CHP YÖRÜKLER RAPORU…
“Mustafa Kemal Atatürk demiş ki; Biz milliyet fikirlerini tatbikte çok gecikmiş ve çok ilgisizlik göstermiş bir milletiz. Bunun zararlarını fazla faaliyetle gidermeye çalışmalıyız. Osmanlı İmparatorluğu içindeki çok çeşitli topluluklar, hep millî inançlarına sarılarak, milliyetçilik idealinin gücü ile kendilerini kurtardılar. Kuvvetimizin zayıfladığı anda bizi hor ve hakir gördüler. Anladık ki, kabahatimiz kendimizi unutmuş olduğumuzmuş. Dünyanın bize saygı göstermesini istiyorsak, ilk önce biz kendi benliğimize ve milliyetimize bu saygıyı, hissî, fikrî ve fiilî olarak, bütün davranış ve hareketlerimizle gösterelim.” CHP çeşitli konularda raporlar hazırlamaya devam ediyor. İşverenler Sendikası ve Meslek Birlikleri Başkan Yardımcılığı tarafından hazırlanan ‘Anadolu’nun Kadim Kültürü, Yörü-Türkmenler” başlıklı çalışma güzel olmuş. Araştırmacılara duyurmak istedik.
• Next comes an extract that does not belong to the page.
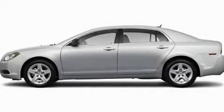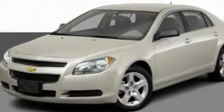This is a 2011 Chevrolet Malibu. It has a four-cylinder engine and an automatic transmission.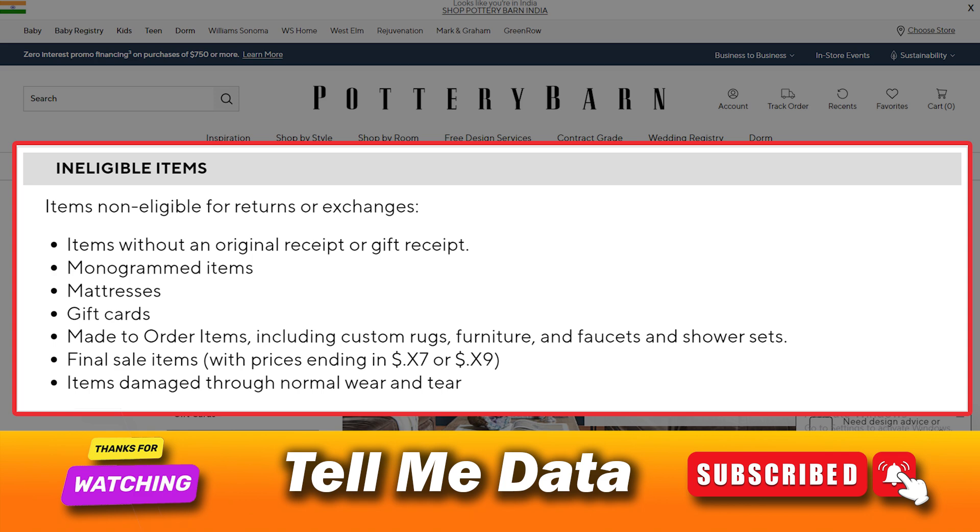Hope you understand some points. That's it — this is the Pottery Barn return policy. If you have any question, you can make a comment on this video and we will reply soon.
UDİ MARSEL HALİFE ve MÜZİK...
Lübnanlı ünlü bestekar, şarkıcı ve
udi Marsel Halife, İstanbul'da düzenlenen "Şark Gençlik Yıllık
Konferansı 2017" çerçevesinde verdiği konserin ardından A.A.
muhabirine açıklamalarda bulunmuş;
“İnsana rahatlık veren eserler yapıyorum. Bunlar,
insanın acılarını yok ederek, ona, karşı duruş, siyasi, toplumsal
ve insani haklarını isteme konularında yardımcı oluyor. Bir yıl
kadar önce Mahmud Derviş'in şiirinden bir parça yaptım. Aşkın
Endülüs'ü adını verdiğim bu eserin insanlar aşk şarkısı olduğunu
düşündüler. Dış görünüşünden farklı algılanan bu parçaya rağmen
şarkılarımı soyut anlamıyla insan için söylüyorum. Müzik, tüm
yönetimlerin ve egemenliklerin üstündedir ve özgürdür. Siyasi
meylimden ve insani bir davaya inandığım için yaşadığım yeri terk
etmek zorunda kalmıştım. Bu, Filistin davasıyla Lübnan'daki güçlü
etnik siyaset arasındaki mücadelenin olduğu dönemlerdi. Arap
dünyası çok acılı bir realiteye sahip. Müzikal içeriği ve manevi
yapısı bakımından çok seçkin bir çalışma. Şark Senfonisi, bugünün
gençleri ile bir önceki nesil arasında iletişimi sağlayan bir
özelliğe sahip. Arap Baharı olayları (2010) öncesinde yazmıştım.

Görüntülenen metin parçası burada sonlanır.